Greece can’t simply pay lip‑service to wanting to keep the euro; words need to be backed by clear reforming policies and adherence to what has been agreed. I would decisively oppose any attempt to suddenly invalidate agreements which have allowed for the provision of enormous amounts of money. Conduct negotiations, close deals, accept help – and then say the agreements don’t count any more? Things can’t work that way.
Help is something the Government’s new direction on energy, its signature project, also seems to need at the moment. Energy prices are going up, grid development is slow, the North is worried about difficulties in connecting the off‑shore wind farms. Is this another area where we need more Europe?
The more Germany’s shift to green energy can be supported by European policy, the more successful it will be. Energy policy isn’t a purely domestic issue any more; we need joined‑up policy at EU level. Boosting Europe’s energy market is the kind of thing that can become a major driver of growth in the EU.
How might common European energy supplies take shape?
We have been getting our gas from Siberia in giant pipelines for decades. Why then should it not also be possible to build solar power plants in Mediterranean countries and transport energy to Germany from there? I know there are technical obstacles. But we have made a start on the initial projects. There is enormous potential there. We also need more diversity in our domestic supplies. We need a broad range of sources.
Syria has been in the grip of civil war for 16 months. UN estimates put the death toll of the conflict at more than 17,000 so far. Do you feel impotent in the face of this tragedy?
When so many people are dying, and news keeps arriving of so many people suffering, you always feel pretty powerless. But you mustn’t allow that to make you give up. If we stopped working on a political solution, we would be giving up on the people of Syria. We’re not going to do that.
Some of Bashar al‑Assad’s closest associates have been killed in an attack. Is this the beginning of the end for the Syrian President?
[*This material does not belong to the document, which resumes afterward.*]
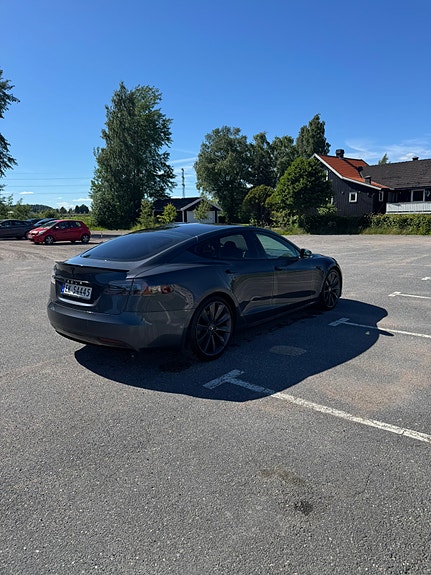 Tesla Model S 4 of 17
We shall see. The violence has now returned to its point of origin, namely the Assad regime in Damascus. The international community needs to take decisive action and inject Kofi Annan’s peace plan with the necessary authority to see it implemented, which includes imposing sanctions.
But UN sanctions are still not going to happen, thanks to Russia and China and their veto.
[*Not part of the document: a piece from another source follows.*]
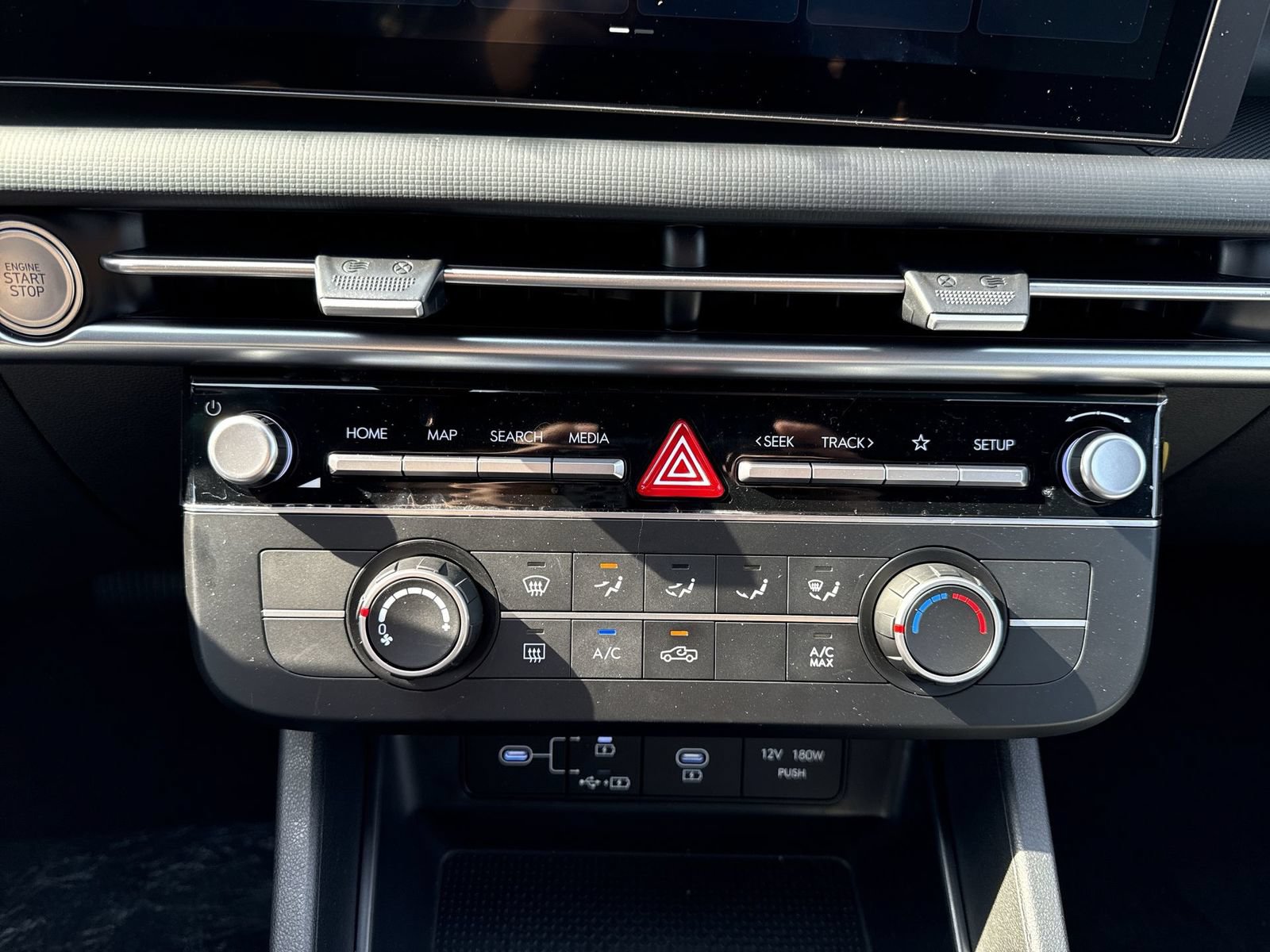 Certified 2026 Hyundai Santa Cruz SE AWD/4WD image 21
I am disappointed at the way Moscow and Beijing have acted. Their obstinacy in the Security Council has given backing to the very people who want to keep on escalating the violence.
Can you understand why Russia and China are propping up the Syrian President?
It may be a question of protecting their own strategic interests. What the Russian Government hasn’t realized though, is that their policy is turning the entire Arab world against them.
Does the international community need to look for some other way to put pressure on Assad?
There is still no reason to speculate about military intervention. We want to use political means to help enable a credible transition process and a democratic new beginning for Syria.
Following the attack on Israeli tourists in Bulgaria, Israel’s Government is pointing the finger at Iran. What do you know about those who carried out this attack?
We know no more than anyone else. The attack was reprehensible and particularly callous. I find it most especially tragic that so many young people were caught up in it.
The attack was carried out on European soil. Do Israeli citizens need to worry about travelling in the EU?
When Israel’s citizens visit Europe, they have to be able to feel safe and enjoy their stay without being afraid. We will do everything we can to prevent attacks – but what Burgas demonstrated is that there is no such thing as 100% security.
Israel is planning a tough, decisive reaction. What should we be expecting?
I have heard the Israeli Government’s response. Isn’t it completely understandable that people in Israel are shocked, and that their Government reflects those feelings? Just imagine what Germany would be going through if something so appalling had happened to holiday-makers from here.
Israel’s right to exist is a fundamental tenet of German policy. Does that still stand if Israel attacks Iran?
I share President Obama’s view that what we want is a diplomatic solution. We are prepared to negotiate with Iran about its nuclear programme. If we don’t see any progress on that front, then we’ll carry on with our sanctions policy. Iran has the right to use nuclear energy for civil purposes. And we are prepared to offer Iran technical support to help it do so. What we cannot accept is for Iran to acquire nuclear weapons. That would not only pose a threat to Israel and the region but also jeopardize the global security architecture as a whole.
Would an Israeli pre‑emptive strike have Germany’s political support?
I understand that journalism requires you to ask such speculative questions – but I hope you will also understand if I counter with a useful principle from the field of foreign affairs: we cross our bridges if and when we come to them.
The United States is in the grip of election campaigning. Four years ago, you spoke of a victory for democracy when Barack Obama became President. Are you hoping he’ll be re‑elected?
I can tell you freely that the liberal in me was naturally very pleased when Barack Obama won the last election. But given my position in government, I will of course be keeping out of the party-political contest in the United States. Quite independently of any election, German-American relations are sound and healthy.
Have they improved under Obama?
We and President Obama work very well together. Speaking frankly, I wasn’t happy about a number of the foreign policy decisions taken by the Bush administration. But as Foreign Minister, I feel more strictly obliged to be reticent about my personal opinions than I did as an Opposition MP in 2008.